Relationships

Throughout life, we are frequently forming different types of relationships with all kinds of people.

Sometimes people with epilepsy can feel different. Even for people who are working or participate in sports and social events, there may still be a sense of being set apart. These feelings may be compounded because family, friends and colleagues may not seem to understand what it’s like living with epilepsy – and many people are uncomfortable or reluctant to tell them or sometimes it’s hard to find the words to explain.

Social isolation can happen because of fear of having a seizure in public, peoples reactions, or simply because someone is unable to get a drivers license and they are living in a place inaccessible to transport.

Some people with epilepsy not have had the opportunities to develop social skills and relationships. A few reasons for this may be attributed to:

  • Age when the seizures started
  • Not accepting the diagnosis and therefore having limited understanding of epilepsy
  • Anxiety about having seizures in public
  • Fear of rejection
  • Missed schooling or not attending school camps or activities
  • Parents, family or friends being overprotective and restrictive
  • Unable to drive
  • Attitude of others towards epilepsy – bad experiences
  • Depression
  • As epilepsy is often misunderstood by people who have not come into contact with the condition, disclosing details of your own condition may cause concerns.

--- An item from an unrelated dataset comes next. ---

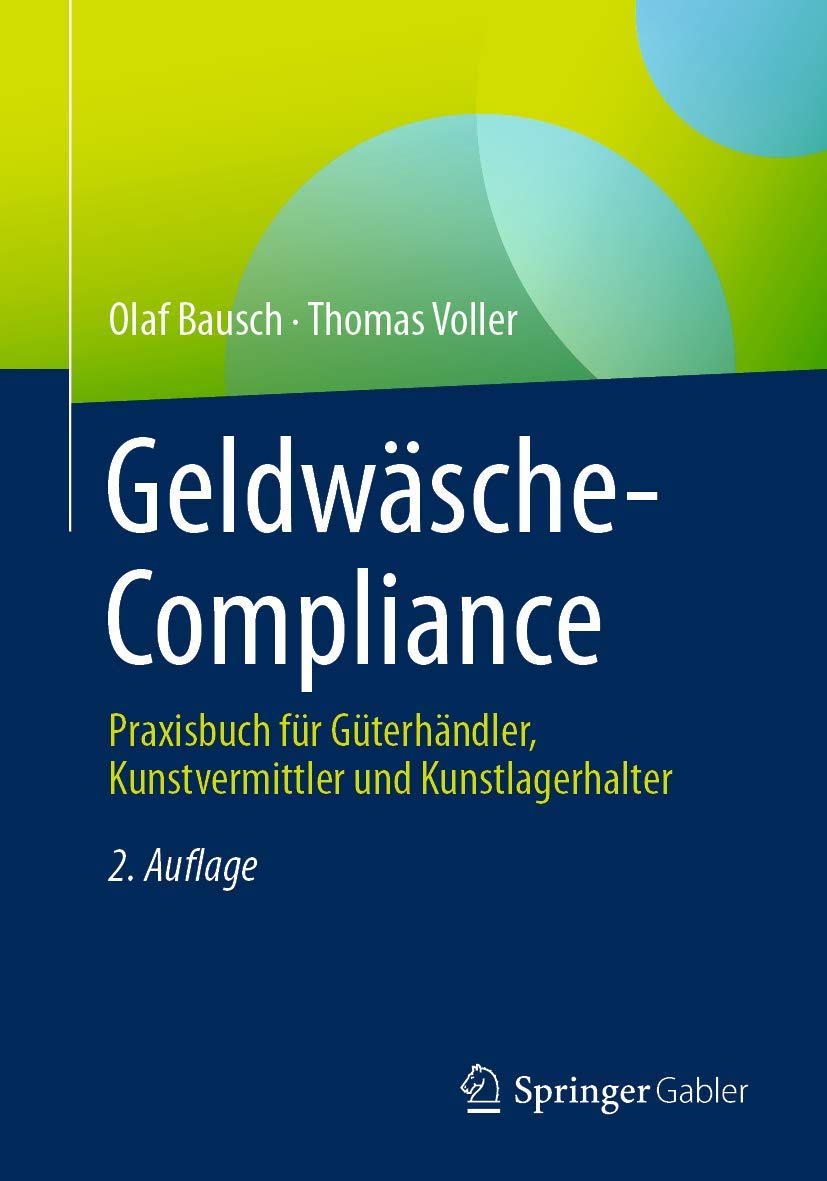 Geldwäsche-Compliance: Praxisbuch für Güterhändler, Kunstvermittler und Kunstlagerhalter Law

Forming new relationships can be difficult for anybody, and life experiences impact on how we deal with different people and situations. Without a doubt, epilepsy and many other conditions can present challenges to relationships. Getting a diagnosis of epilepsy could mean that existing relationships may need to be renegotiated and new relationships may seem more difficult to develop.

When you have a chronic disease, your friendship network may become smaller, but usually stronger. Some people will stick around and others may drift away. This can leave you feeling abandoned or rejected by these people. In reality, it is a normal part of life, and people frequently come and go in everyones life.
 
Don’t try to meet others expectations

If you feel you don’t have the energy that you used to have, or want to limit your activities to better look after yourself, don’t feel you have to meet the expectations of your friends and family. If you can’t maintain as many face to face relationships, there is still online communication. Focus on the most important people to you first. It really comes down to being open with other people and discuss any changes that you need to make. They wont understand how you’re feeling if you don’t communicate it.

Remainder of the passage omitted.